Dust is correctly removed from books neither with a cloth, nor a brush, nor a vacuum cleaner, nor even a sharp puff of breath. All these techniques are liable to drive the dust particles further in among the pages. The correct manner of removing dust, with all save the most delicate volumes—I learned this from Eric Korn, the writer and rare book dealer—is to open and sharply close each book, or better, clap two books together, then blow on them, so that the impact and the force of air blast the dust away from the bindings into the atmosphere.
This action produces a sharp report, which is why my neighbour was to be found knocking on my door the other day enquiring whether the gun-battle in my living room was likely to last much longer. He found me, books in hand, contemplating the wall where my new bookcase will go.
The bookcase will be halfway up the stairs, on the last wall in the house not already obscured by existing shelves—or by cupboards, wardrobes, maps, pictures, hanging plants or framed certificates of competence in esoteric forms of martial art. Although it will block the light a bit, the prospect of the bookcase is raising my spirits. It’s not just that it promises to stem the lava flow of paper that spills out of storage boxes and topples from the ziggurat of books in the study, threatening to engulf the kitchen and the hall. The new shelf seems to represent something more than this: an abstract principle, evidence of the possibility of order.
The disorder of things
With the new bookcase in position every book in the house will finally have its place. That’s my plan, at least. And the new orderliness among the books will, I imagine, by some mysterious means, orient the world beyond the book: the years of accumulated paper in filing cabinets, as well as the uncharted hierarchies of documents and folders on hard disks and floppy disks, the CDs and DVDs, the videotapes, the audiotapes—and whatever other soon-to-be-superseded information storage media there may be lurking at the back of the big wooden cupboard on the upstairs landing. Systematic classification and rapid information retrieval will prevail. The new bookcase will somehow make it easier to do tax returns and operate the video recorder. It will make it easier to write.

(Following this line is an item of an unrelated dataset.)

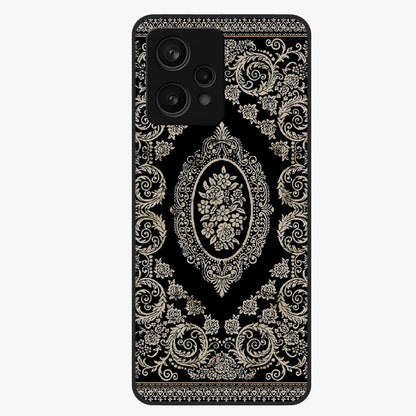 Noir Bloom Elegance Glass Case showing flat back view with elegant dark floral artwork and glossy glass finish.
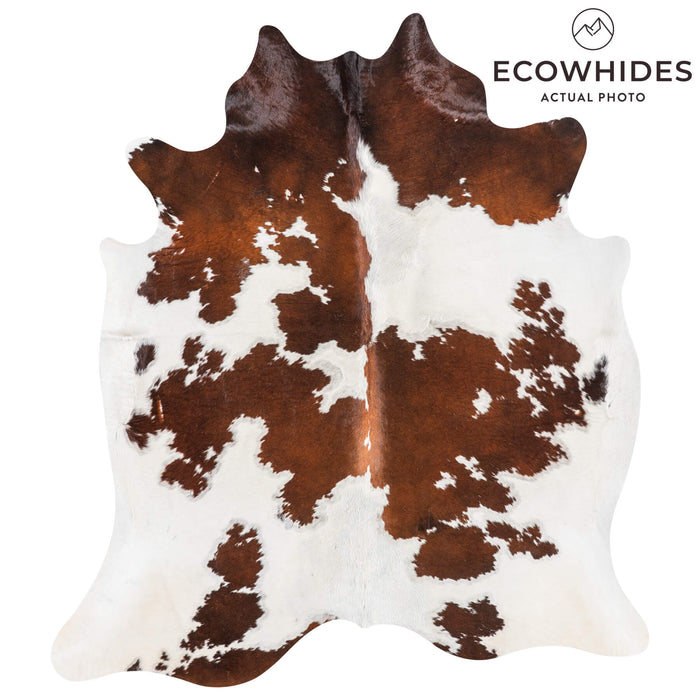 Vintage Chocolate and White Cowhide Rug Size 6'11" L x 6'1" W 2206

This may seem a heavy load for a shelf to bear: that is, not just the weight of books, but the expectation of deliverance from the over-accumulation of information, from prevarication and muddle. Yet such are the dreams of those who work in the knowledge economy. For traders in the marketplace of ideas, books are inherited capital. We have amassed these antique-looking fetish objects in a search for understanding, or in an attempt to wall out the chaos of the world. But a new information age is upon us now. The heart of the library is no longer a card index; it’s a modem. Molten data pour into our homes. So book people find they inhabit a new, technologically pluralist culture. For myself, I’d like to make peace with books, with the old, fixed media—the gods we know—before I let the new ones in.
Wittgenstein and furniture
Ludwig Wittgenstein understood this desire for order, or something of it. What a difference, he wrote, a new drawer in a cabinet can make. I’m pretty certain that was the phrase he used, but at this moment I can’t lay my hands on the book it was published in. That’s because in my house non-fiction currently stops where the shelves run out, at the letter R. Wittgenstein is still stored in a box upstairs, beneath a pile of other boxes.
A new drawer in the filing cabinet, Wittgenstein proposed, was the concrete representation of a new category in thinking, one that would subtly change the meaning of all the other categories we already use. And this is what new information media are now doing to books, redefining them in relation to digital media. Hence, I think, my urge to put my library in order before engaging with the future. You may say—and I’d agree with you—that it’s a remarkable filing cabinet that can literally accommodate a new drawer. Remember, though, that Wittgenstein, as well being a philosopher, was an interior designer. He designed his sister’s house in Vienna, right down to the door furniture. So we can assume that he knew whereof he spoke. If any philosopher could fit a new drawer into a filing cabinet, it would be Wittgenstein.
Again, I think I’ve got it right about Wittgenstein and the door furniture, but I won’t be able to check till next week when the books are sorted and his works and those of his exegetes are all in one place. And if I’m wrong? Well this could, in fact, be held to support the notion above, whether or not the notion is Wittgenstein’s. That is to say, I need a new drawer to get my thinking straight. Or maybe two new drawers.
And a new shelf. And an extra pocket in the jacket. And a new folder in the subdirectory. And many more gigabytes of RAM (Random Access Memory—that paradoxical phrase). That is to say, an expansion of real and virtual storage capacity, one that holds out the possibility of a reordered view of knowledge, new categories of thought, and better organized thinking. ✭
Afterword
What Wittgenstein actually wrote was this: it is incredible how helpful a new drawer can be, suitably located in our filing cabinet. (In the German he used the English word “filing-cabinet”). How literally he meant this to be understood is hard to tell.